■ **Action item**:
Any picture in the data below should be skipped, while every line is repeated exactly.
[Data section — start]
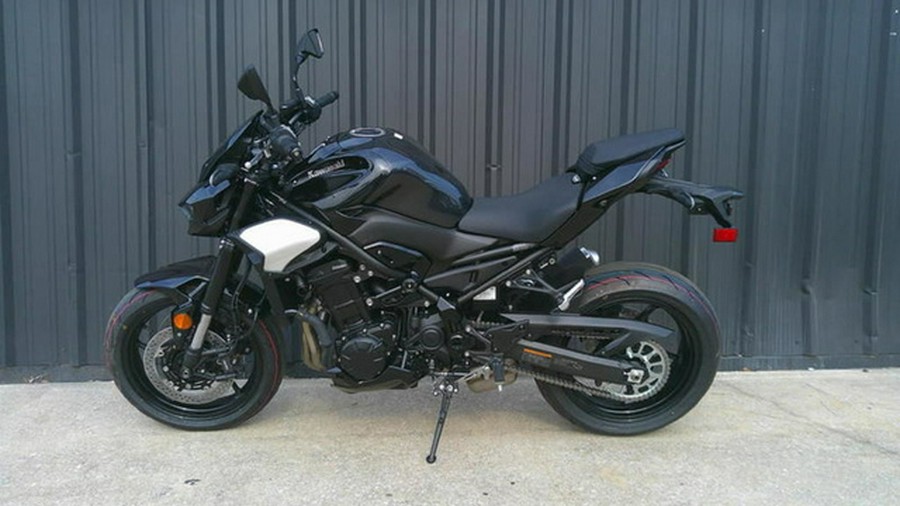 2025 Kawasaki Z900 ABS Metallic Spark Black/Metallic Carbon Gray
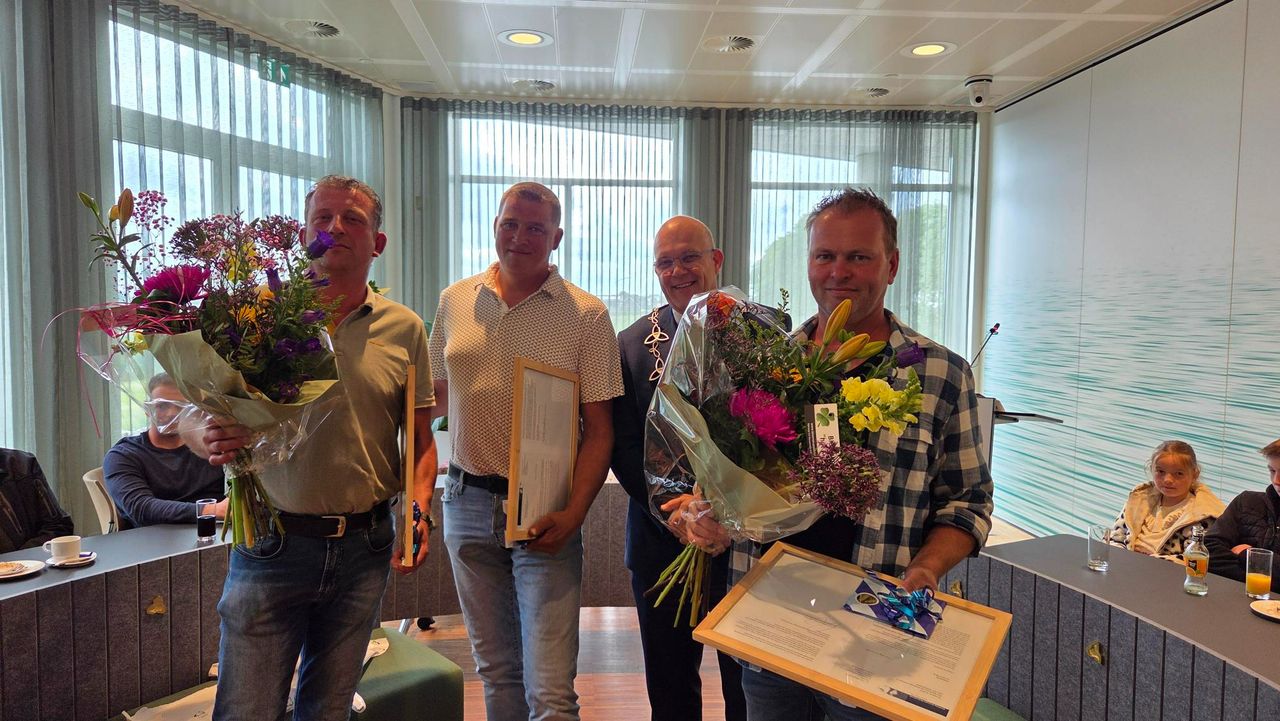 Ook de drie wegwerkers werden in het zonnetje gezet door de gemeente (foto: Noël van Hooft).
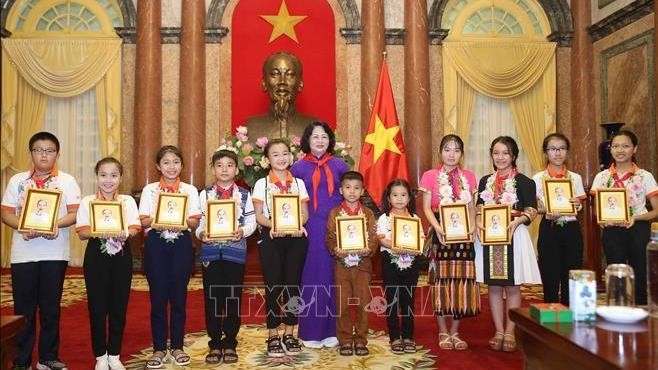 Vice President Dang Thi Ngoc Thinh and outstanding children from Nghe An province (Photo: VNA)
[Data section — finish]
■ **Result of this exercise**:
 2025 Kawasaki Z900 ABS Metallic Spark Black/Metallic Carbon Gray
 Ook de drie wegwerkers werden in het zonnetje gezet door de gemeente (foto: Noël van Hooft).
 Vice President Dang Thi Ngoc Thinh and outstanding children from Nghe An province (Photo: VNA)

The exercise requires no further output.